Task prompt. Once you find the line with "Mauritania Family Matching" in the entries below, return exactly every line from it through the line with "New Cartoon Camper".

Data to use.
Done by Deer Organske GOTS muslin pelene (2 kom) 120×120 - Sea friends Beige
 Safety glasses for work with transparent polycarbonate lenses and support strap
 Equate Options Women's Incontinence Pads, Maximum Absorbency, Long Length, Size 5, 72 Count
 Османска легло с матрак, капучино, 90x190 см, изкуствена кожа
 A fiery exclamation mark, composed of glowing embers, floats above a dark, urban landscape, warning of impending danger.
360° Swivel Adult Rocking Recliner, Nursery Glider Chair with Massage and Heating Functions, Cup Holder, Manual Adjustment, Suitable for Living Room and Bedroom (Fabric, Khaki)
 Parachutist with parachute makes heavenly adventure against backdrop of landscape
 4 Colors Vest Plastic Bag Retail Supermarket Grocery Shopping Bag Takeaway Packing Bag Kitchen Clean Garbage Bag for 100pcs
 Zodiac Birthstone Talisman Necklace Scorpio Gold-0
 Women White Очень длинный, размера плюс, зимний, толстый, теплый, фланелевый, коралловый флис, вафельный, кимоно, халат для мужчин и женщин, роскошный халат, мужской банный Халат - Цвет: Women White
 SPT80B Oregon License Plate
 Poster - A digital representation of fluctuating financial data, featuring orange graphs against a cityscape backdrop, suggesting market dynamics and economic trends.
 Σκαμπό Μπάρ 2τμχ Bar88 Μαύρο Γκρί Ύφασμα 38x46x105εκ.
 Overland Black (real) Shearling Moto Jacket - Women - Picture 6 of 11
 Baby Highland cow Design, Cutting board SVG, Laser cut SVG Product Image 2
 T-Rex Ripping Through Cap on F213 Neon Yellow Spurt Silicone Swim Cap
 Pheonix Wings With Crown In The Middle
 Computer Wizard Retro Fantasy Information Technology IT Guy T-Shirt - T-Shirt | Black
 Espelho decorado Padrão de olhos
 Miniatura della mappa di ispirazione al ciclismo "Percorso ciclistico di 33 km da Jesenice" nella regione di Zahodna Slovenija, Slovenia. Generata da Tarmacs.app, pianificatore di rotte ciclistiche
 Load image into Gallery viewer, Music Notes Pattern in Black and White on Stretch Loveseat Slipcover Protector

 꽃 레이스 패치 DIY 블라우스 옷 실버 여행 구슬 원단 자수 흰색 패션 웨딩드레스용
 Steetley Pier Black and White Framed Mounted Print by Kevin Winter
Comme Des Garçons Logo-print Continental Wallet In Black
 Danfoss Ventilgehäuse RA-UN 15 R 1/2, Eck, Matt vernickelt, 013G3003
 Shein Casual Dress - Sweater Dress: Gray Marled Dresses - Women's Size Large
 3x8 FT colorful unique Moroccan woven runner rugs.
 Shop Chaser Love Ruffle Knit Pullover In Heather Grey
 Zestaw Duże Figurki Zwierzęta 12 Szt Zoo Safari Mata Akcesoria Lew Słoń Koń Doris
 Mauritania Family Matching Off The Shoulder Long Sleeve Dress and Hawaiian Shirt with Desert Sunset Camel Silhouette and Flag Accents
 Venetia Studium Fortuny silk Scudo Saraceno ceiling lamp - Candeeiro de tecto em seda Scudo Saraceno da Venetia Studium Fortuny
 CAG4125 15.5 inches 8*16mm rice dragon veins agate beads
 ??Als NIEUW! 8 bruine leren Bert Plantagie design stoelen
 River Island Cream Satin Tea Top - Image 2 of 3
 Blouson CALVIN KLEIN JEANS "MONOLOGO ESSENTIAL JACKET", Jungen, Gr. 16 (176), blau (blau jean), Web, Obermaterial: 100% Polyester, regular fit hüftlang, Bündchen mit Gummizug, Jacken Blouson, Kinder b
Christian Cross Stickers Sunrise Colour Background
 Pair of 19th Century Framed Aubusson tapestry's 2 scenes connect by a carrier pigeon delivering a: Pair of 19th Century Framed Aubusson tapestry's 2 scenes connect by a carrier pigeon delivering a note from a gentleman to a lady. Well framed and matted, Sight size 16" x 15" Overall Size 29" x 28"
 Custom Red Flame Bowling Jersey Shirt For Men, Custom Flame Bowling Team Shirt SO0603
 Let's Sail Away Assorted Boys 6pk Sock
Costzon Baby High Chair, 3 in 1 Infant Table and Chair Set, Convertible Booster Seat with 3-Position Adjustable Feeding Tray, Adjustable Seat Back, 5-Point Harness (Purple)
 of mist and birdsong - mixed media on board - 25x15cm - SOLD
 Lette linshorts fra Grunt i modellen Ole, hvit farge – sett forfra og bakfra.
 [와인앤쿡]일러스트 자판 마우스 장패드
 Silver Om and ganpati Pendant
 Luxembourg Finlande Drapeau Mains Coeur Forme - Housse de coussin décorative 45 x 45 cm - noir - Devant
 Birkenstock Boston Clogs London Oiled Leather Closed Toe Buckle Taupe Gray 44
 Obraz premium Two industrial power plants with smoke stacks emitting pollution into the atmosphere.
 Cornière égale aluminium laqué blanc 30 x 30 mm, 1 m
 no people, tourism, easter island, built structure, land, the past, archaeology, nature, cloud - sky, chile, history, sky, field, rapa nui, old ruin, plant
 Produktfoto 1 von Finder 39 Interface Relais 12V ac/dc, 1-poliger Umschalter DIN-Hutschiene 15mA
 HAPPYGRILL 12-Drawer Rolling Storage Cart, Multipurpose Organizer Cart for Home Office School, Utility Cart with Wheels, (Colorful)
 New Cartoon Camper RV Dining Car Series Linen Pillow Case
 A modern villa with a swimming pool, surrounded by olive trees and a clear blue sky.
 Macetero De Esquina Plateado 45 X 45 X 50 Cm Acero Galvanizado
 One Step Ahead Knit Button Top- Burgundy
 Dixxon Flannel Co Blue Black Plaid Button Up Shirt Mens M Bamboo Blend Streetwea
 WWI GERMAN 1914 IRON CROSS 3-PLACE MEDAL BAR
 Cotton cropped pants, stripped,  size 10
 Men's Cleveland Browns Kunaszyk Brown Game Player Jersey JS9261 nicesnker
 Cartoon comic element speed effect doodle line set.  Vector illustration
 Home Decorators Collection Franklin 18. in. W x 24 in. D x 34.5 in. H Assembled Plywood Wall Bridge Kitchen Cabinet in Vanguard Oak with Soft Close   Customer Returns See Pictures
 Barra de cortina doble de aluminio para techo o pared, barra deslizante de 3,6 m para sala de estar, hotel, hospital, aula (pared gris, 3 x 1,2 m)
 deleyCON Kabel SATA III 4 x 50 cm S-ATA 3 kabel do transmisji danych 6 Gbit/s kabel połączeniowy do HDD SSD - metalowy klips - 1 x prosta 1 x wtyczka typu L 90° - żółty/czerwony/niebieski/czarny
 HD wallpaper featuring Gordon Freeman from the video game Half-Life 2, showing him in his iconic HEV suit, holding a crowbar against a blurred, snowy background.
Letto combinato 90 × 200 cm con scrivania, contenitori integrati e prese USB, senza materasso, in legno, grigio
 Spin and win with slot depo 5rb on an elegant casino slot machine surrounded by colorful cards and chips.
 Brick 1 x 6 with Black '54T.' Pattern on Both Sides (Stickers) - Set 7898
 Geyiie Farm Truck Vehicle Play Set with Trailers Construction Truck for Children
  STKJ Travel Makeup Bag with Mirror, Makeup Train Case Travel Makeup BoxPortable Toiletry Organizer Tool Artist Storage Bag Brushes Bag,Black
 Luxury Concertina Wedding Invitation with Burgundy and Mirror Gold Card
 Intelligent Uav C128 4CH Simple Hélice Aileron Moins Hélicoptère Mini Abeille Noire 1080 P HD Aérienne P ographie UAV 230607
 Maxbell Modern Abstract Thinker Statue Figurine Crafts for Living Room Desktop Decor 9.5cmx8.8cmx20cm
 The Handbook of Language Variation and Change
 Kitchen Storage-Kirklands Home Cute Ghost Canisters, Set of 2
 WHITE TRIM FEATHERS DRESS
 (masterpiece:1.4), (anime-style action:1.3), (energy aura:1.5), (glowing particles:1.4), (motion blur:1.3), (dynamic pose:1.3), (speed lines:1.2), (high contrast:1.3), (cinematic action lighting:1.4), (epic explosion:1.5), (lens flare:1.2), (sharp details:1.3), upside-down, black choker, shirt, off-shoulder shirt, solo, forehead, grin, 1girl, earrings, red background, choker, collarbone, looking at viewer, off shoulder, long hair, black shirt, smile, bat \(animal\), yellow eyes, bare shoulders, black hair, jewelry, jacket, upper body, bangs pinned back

Answer to this problem.
 Mauritania Family Matching Off The Shoulder Long Sleeve Dress and Hawaiian Shirt with Desert Sunset Camel Silhouette and Flag Accents
 Venetia Studium Fortuny silk Scudo Saraceno ceiling lamp - Candeeiro de tecto em seda Scudo Saraceno da Venetia Studium Fortuny
 CAG4125 15.5 inches 8*16mm rice dragon veins agate beads
 ??Als NIEUW! 8 bruine leren Bert Plantagie design stoelen
 River Island Cream Satin Tea Top - Image 2 of 3
 Blouson CALVIN KLEIN JEANS "MONOLOGO ESSENTIAL JACKET", Jungen, Gr. 16 (176), blau (blau jean), Web, Obermaterial: 100% Polyester, regular fit hüftlang, Bündchen mit Gummizug, Jacken Blouson, Kinder b
Christian Cross Stickers Sunrise Colour Background
 Pair of 19th Century Framed Aubusson tapestry's 2 scenes connect by a carrier pigeon delivering a: Pair of 19th Century Framed Aubusson tapestry's 2 scenes connect by a carrier pigeon delivering a note from a gentleman to a lady. Well framed and matted, Sight size 16" x 15" Overall Size 29" x 28"
 Custom Red Flame Bowling Jersey Shirt For Men, Custom Flame Bowling Team Shirt SO0603
 Let's Sail Away Assorted Boys 6pk Sock
Costzon Baby High Chair, 3 in 1 Infant Table and Chair Set, Convertible Booster Seat with 3-Position Adjustable Feeding Tray, Adjustable Seat Back, 5-Point Harness (Purple)
 of mist and birdsong - mixed media on board - 25x15cm - SOLD
 Lette linshorts fra Grunt i modellen Ole, hvit farge – sett forfra og bakfra.
 [와인앤쿡]일러스트 자판 마우스 장패드
 Silver Om and ganpati Pendant
 Luxembourg Finlande Drapeau Mains Coeur Forme - Housse de coussin décorative 45 x 45 cm - noir - Devant
 Birkenstock Boston Clogs London Oiled Leather Closed Toe Buckle Taupe Gray 44
 Obraz premium Two industrial power plants with smoke stacks emitting pollution into the atmosphere.
 Cornière égale aluminium laqué blanc 30 x 30 mm, 1 m
 no people, tourism, easter island, built structure, land, the past, archaeology, nature, cloud - sky, chile, history, sky, field, rapa nui, old ruin, plant
 Produktfoto 1 von Finder 39 Interface Relais 12V ac/dc, 1-poliger Umschalter DIN-Hutschiene 15mA
 HAPPYGRILL 12-Drawer Rolling Storage Cart, Multipurpose Organizer Cart for Home Office School, Utility Cart with Wheels, (Colorful)
 New Cartoon Camper RV Dining Car Series Linen Pillow Case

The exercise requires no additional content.